THE TASK ->
Every entry is to be restated exactly; pictures are not part of the copy.

==== INFORMATION SHOWN

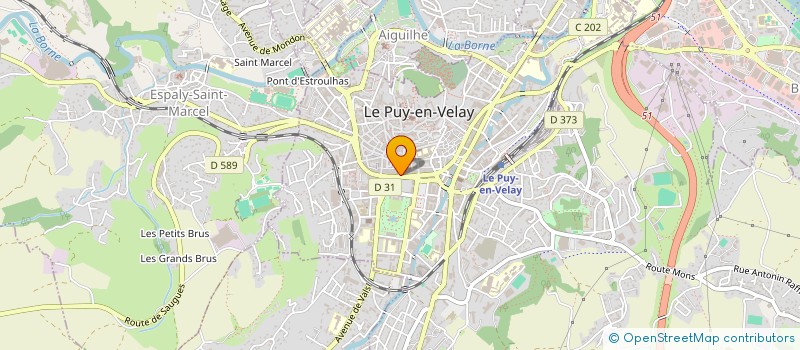 localisation de l'entreprise GROUPEMENT D'INTERET PUBLIC CONSEIL DEPARTEMENTAL DE L'ACCES AU DROIT DE HAUTE-LOIRE à LE PUY-EN-VELAY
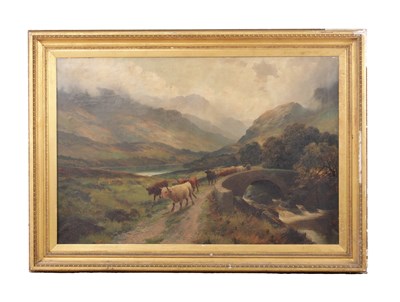 Lot 896 - HARALD R. HALL (BRITISH, 1866-1902) A LARGE 19TH CENTURY OIL ON CANVAS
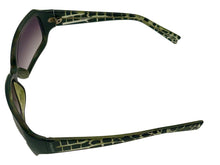 Load image into Gallery viewer, Ellen Tracy Women's Sunglass ET500 3 Green Plastic Rectangle Smoke Gradient Lens
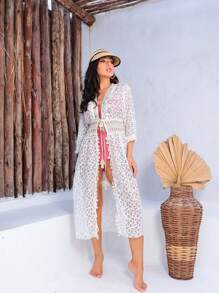 Women Cover Ups - 白色 - 查看 4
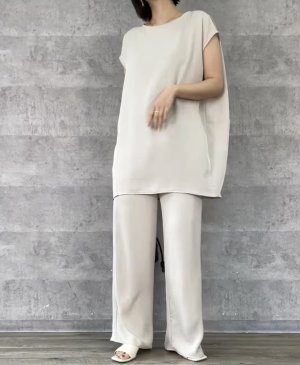 画像7: ●期間限定●ご予約5倍ポイント【2/2 LIVEアイテム】●シンプルイージータックワイドパンツ（別売トップスとセットアップ可能）（予約/3-4）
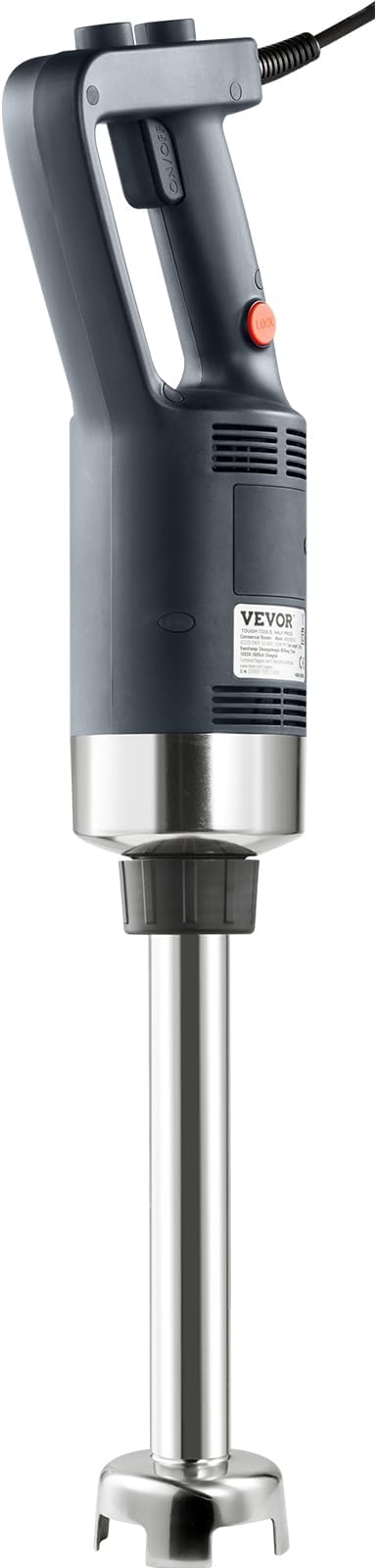 Vevor Commercial Immersion Blender, 750W, 12" Heavy Duty Hand Mixer, Variable Speed, 304 Stainless Steel Blade, Multi-Purpose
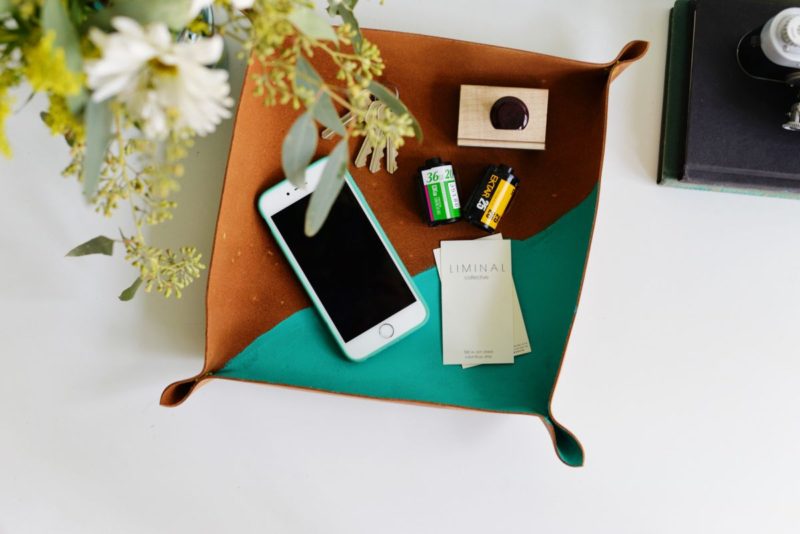 How To Cross Stitch A Leather Catchall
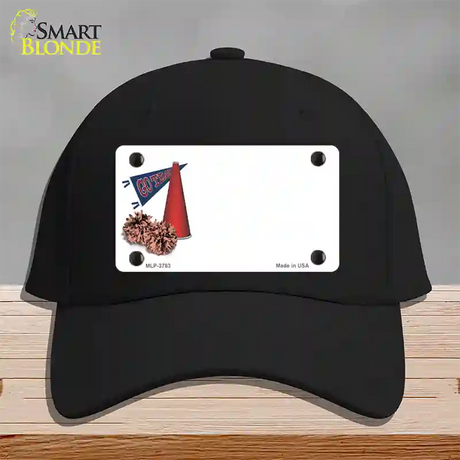 Pom And Cheer Offset Novelty License Plate Hat Cotton / Black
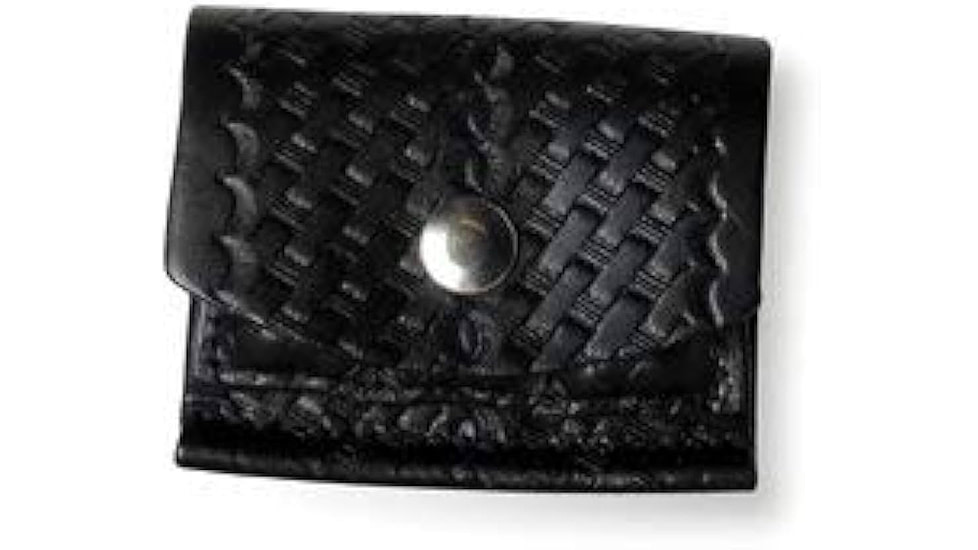 Boston Leather Cartridge Pouch, Black - 5634-3
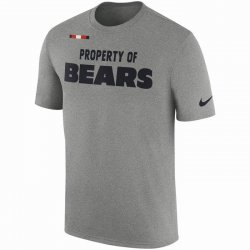 Men\'s Chicago Bears Nike Heather Gray Sideline Property Of Facility T-Shirt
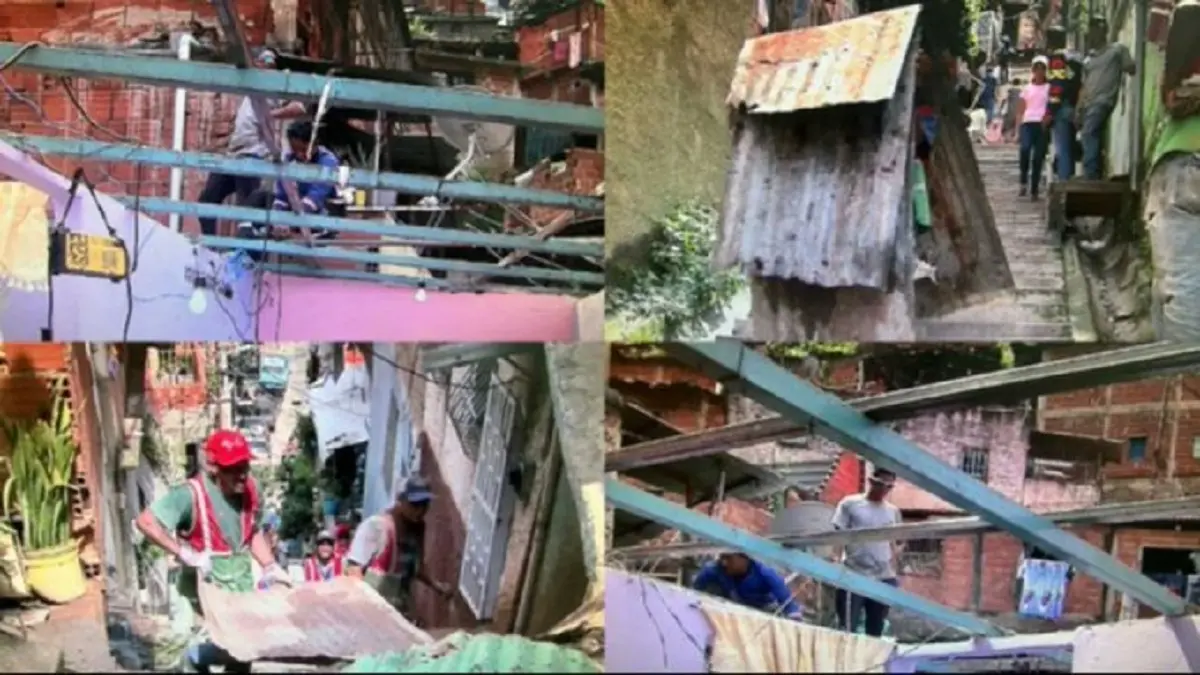 VIENTOS HURACANADOS tumbaron los techos de 25 casas en Santa Rosalía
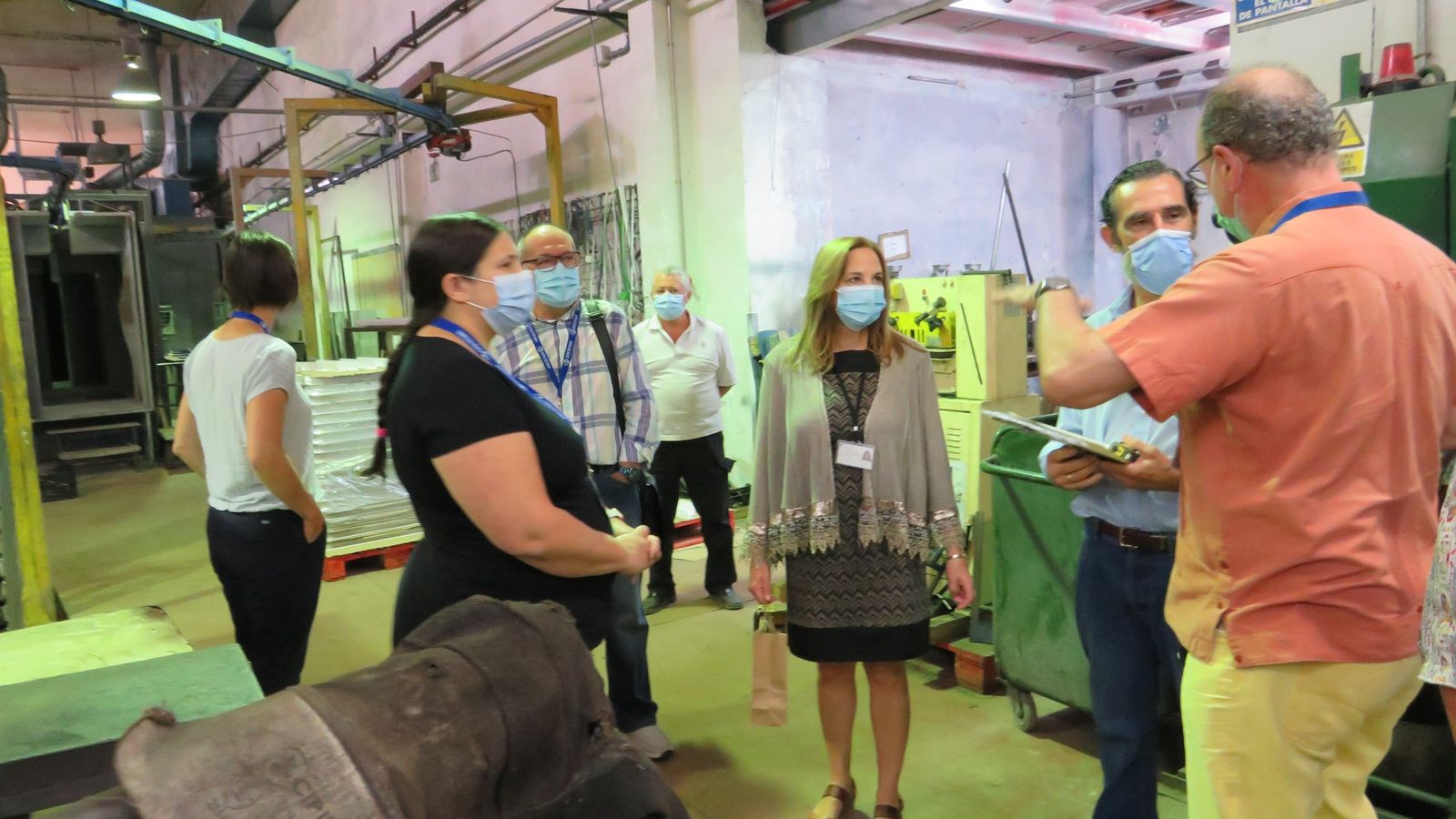 En el taller de metalurgia de la prisión.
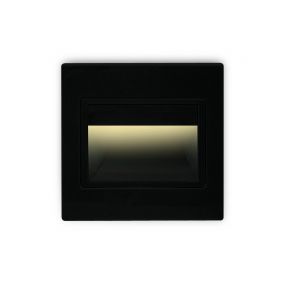 ONE Light Indoor Square Wall Recessed - inbouw wandverlichting - 9,4 x 3,5 x 9,4 cm - 1,5W LED incl. - zwart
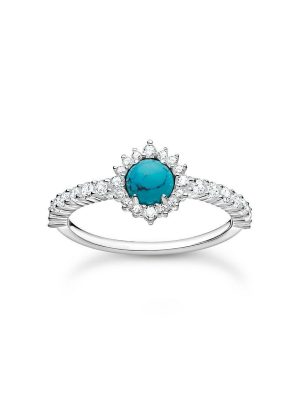 Thomas Sabo Ring - 50 925 Silber, Zirkonia blau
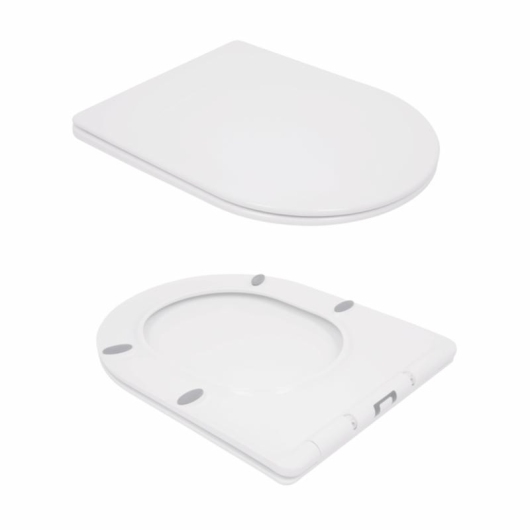 Унитаз подвесной Qtap Swan безободковый с сиденьем Soft-close QT16335178W купить в САНН Одесса, изображение 14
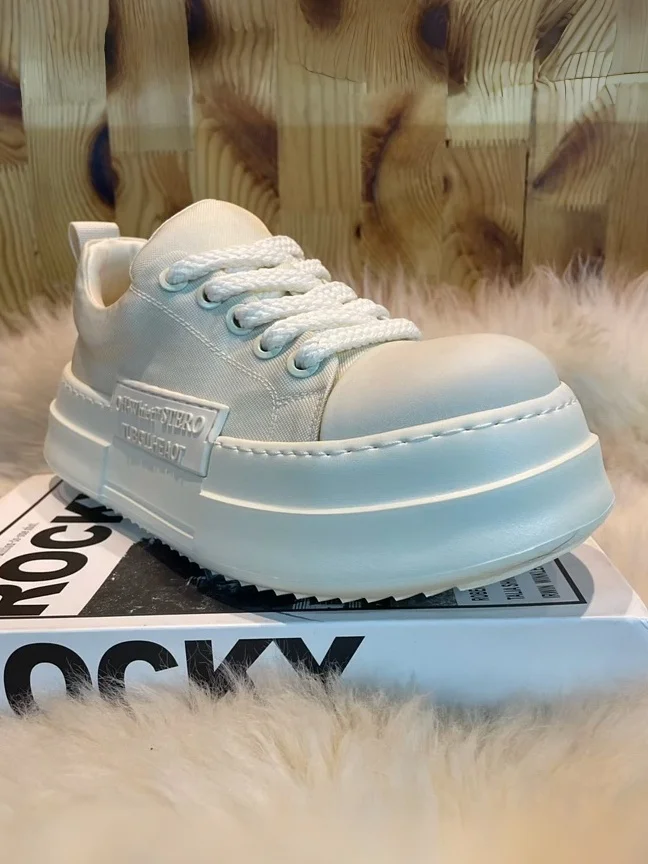 

New 71920 Men's Tech Fabric Thick Bottom Heightening Casual Comfortable Shoes Fashionable Trendy Versatile High-End Feeling H...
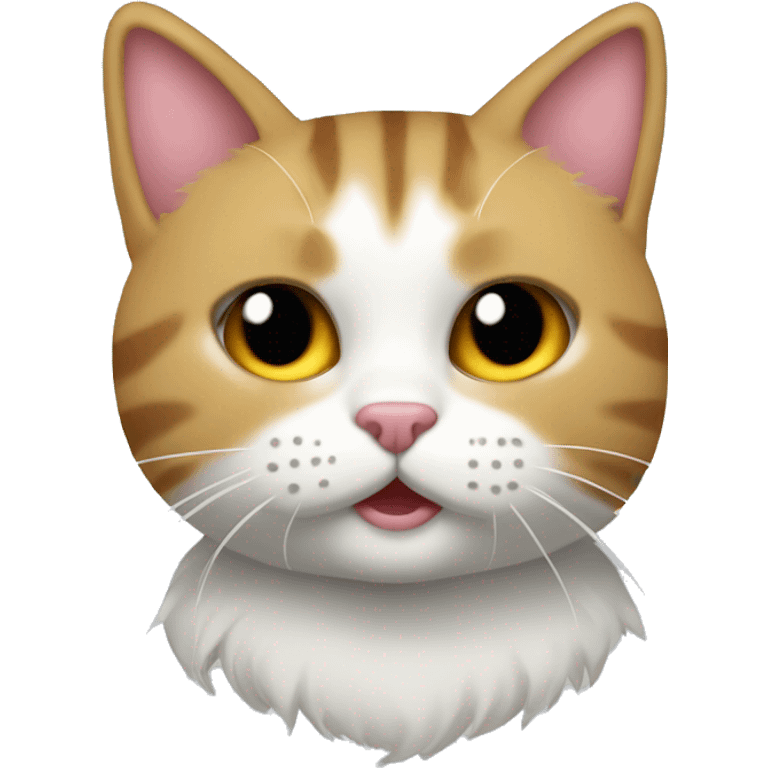 gatita con lazo emoji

========

COMPLETED EXERCISE ->
 localisation de l'entreprise GROUPEMENT D'INTERET PUBLIC CONSEIL DEPARTEMENTAL DE L'ACCES AU DROIT DE HAUTE-LOIRE à LE PUY-EN-VELAY
 Lot 896 - HARALD R. HALL (BRITISH, 1866-1902) A LARGE 19TH CENTURY OIL ON CANVAS
 Load image into Gallery viewer, Ellen Tracy Women's Sunglass ET500 3 Green Plastic Rectangle Smoke Gradient Lens
 Women Cover Ups - 白色 - 查看 4
 画像7: ●期間限定●ご予約5倍ポイント【2/2 LIVEアイテム】●シンプルイージータックワイドパンツ（別売トップスとセットアップ可能）（予約/3-4）
 Vevor Commercial Immersion Blender, 750W, 12" Heavy Duty Hand Mixer, Variable Speed, 304 Stainless Steel Blade, Multi-Purpose
 How To Cross Stitch A Leather Catchall
 Pom And Cheer Offset Novelty License Plate Hat Cotton / Black
 Boston Leather Cartridge Pouch, Black - 5634-3
 Men\'s Chicago Bears Nike Heather Gray Sideline Property Of Facility T-Shirt
 VIENTOS HURACANADOS tumbaron los techos de 25 casas en Santa Rosalía
 En el taller de metalurgia de la prisión.
 ONE Light Indoor Square Wall Recessed - inbouw wandverlichting - 9,4 x 3,5 x 9,4 cm - 1,5W LED incl. - zwart
 Thomas Sabo Ring - 50 925 Silber, Zirkonia blau
 Унитаз подвесной Qtap Swan безободковый с сиденьем Soft-close QT16335178W купить в САНН Одесса, изображение 14

New 71920 Men's Tech Fabric Thick Bottom Heightening Casual Comfortable Shoes Fashionable Trendy Versatile High-End Feeling H...
 gatita con lazo emoji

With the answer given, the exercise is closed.